Continue by replacing the `null` values in the `Age` column with the `median` age for passengers in that class

In [None]:
(
    pl.read_csv(csv_file)
    <blank>
    .select(
        'Pclass',cs.starts_with("Age")
    )
    .head(6)
)

Replace `Age_mean` with a new column called `Age_delta` that is the difference between the age and the average age of all passengers in the same class

In [None]:
(
    pl.read_csv(csv_file)
    .with_columns(
        <blank>
    )
    .select(
        'Pclass',cs.starts_with("Age")
    )
    .head(10)
)

Continue by adding another column called `Age_z` that has the z-score for the `Age` where the z-score is the (age - average age of the passengers in that class) divided by the standard deviation of the age column for passengers in that class

In [None]:
(
    pl.read_csv(csv_file)
    .with_columns(
        <blank>
    )
    .select(
        'Pclass',cs.starts_with("Age")
    )
    .head(10)
)

### Exercise 2

Count the number of passengers in each group of: passenger class and survival. Name the column of counts `counts`

In [None]:
(
    pl.read_csv(csv_file)
    <blank>
)

Continue by calculating the percentage breakdown of passenger survival within each passenger class group. Call this column `percent`.

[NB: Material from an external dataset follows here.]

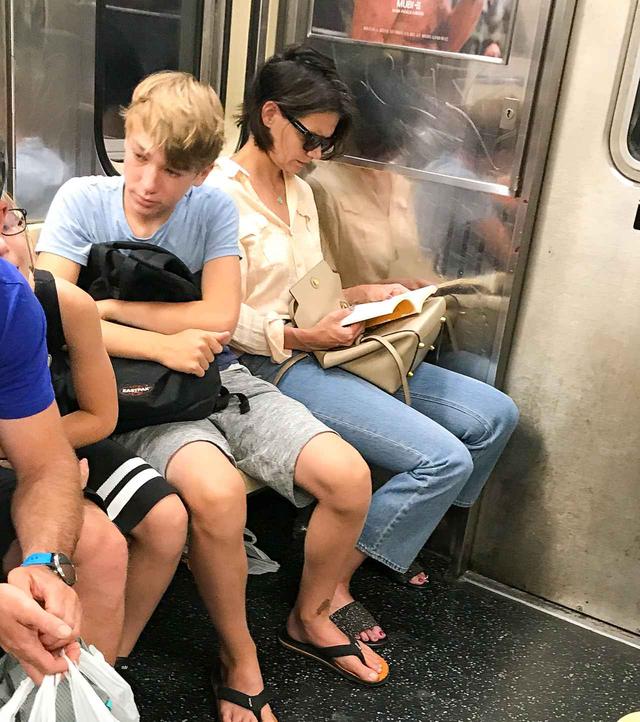 画像3: 電車にケイティ・ホームズ?電車に乗っている姿が新鮮すぎて二度見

Sort the output by passenger class and survival

### Exercise 3
Window functions allow us to do multiple groupbys in the same `select` or `with_column`. Polars can cache the groupbys in the same `with_columns` statement.

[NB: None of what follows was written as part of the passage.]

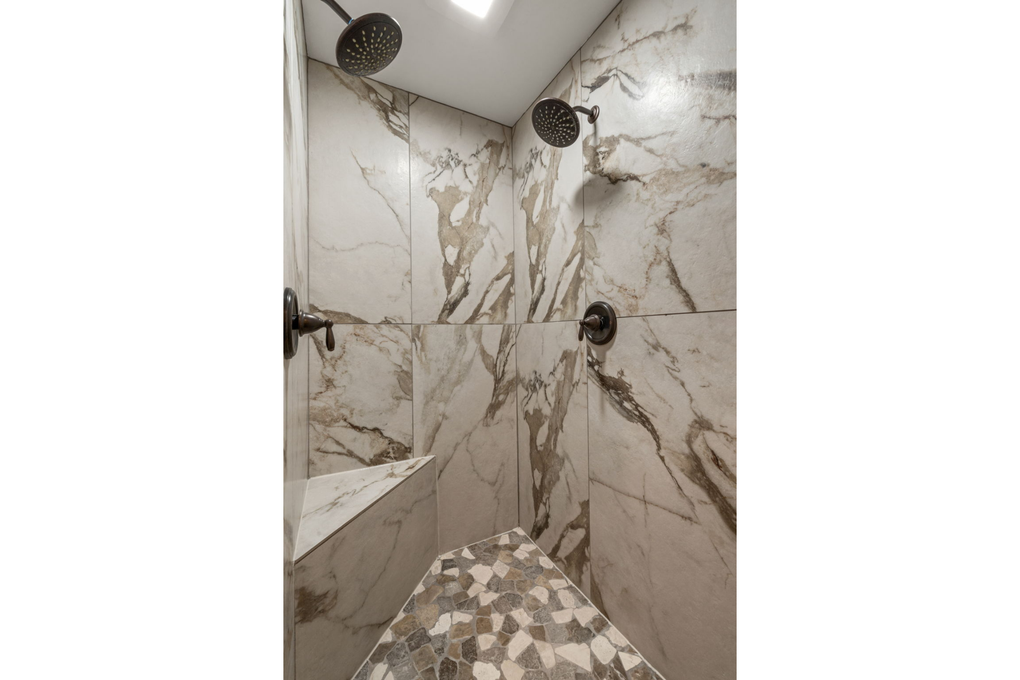 Primary Bedrooms En-Suite Full Bath w. Walk-in Shower and Tub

In this exercise we explore the effect of this caching on performance.

We begin by creating a `DataFrame` with groups and values

In [None]:
import numpy as np
np.random.seed(0)

N = 1_000_000
cardinality = N // 2
groups = np.random.randint(0,cardinality,N)
df = pl.DataFrame(
        {
            "groups":groups,
            "values":np.random.standard_normal(N)
        }
    )
df.head(3)

We want to add: 
- a `max` column with the maximum value per group and 
- a `min` column with the minimum value per group.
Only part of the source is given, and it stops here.